Your objective - Return the records below character for character.

Listed entries -

=======

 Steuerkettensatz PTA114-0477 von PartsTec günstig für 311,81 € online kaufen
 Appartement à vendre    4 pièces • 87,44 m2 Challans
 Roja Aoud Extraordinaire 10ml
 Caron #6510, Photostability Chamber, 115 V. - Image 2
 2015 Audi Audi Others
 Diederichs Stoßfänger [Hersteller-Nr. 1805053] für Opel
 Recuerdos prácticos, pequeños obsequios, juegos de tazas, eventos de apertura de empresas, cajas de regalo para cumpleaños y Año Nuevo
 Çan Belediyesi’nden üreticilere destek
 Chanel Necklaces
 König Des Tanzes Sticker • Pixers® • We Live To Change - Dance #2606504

=======

Result of this task -
 Steuerkettensatz PTA114-0477 von PartsTec günstig für 311,81 € online kaufen
 Appartement à vendre    4 pièces • 87,44 m2 Challans
 Roja Aoud Extraordinaire 10ml
 Caron #6510, Photostability Chamber, 115 V. - Image 2
 2015 Audi Audi Others
 Diederichs Stoßfänger [Hersteller-Nr. 1805053] für Opel
 Recuerdos prácticos, pequeños obsequios, juegos de tazas, eventos de apertura de empresas, cajas de regalo para cumpleaños y Año Nuevo
 Çan Belediyesi’nden üreticilere destek
 Chanel Necklaces
 König Des Tanzes Sticker • Pixers® • We Live To Change - Dance #2606504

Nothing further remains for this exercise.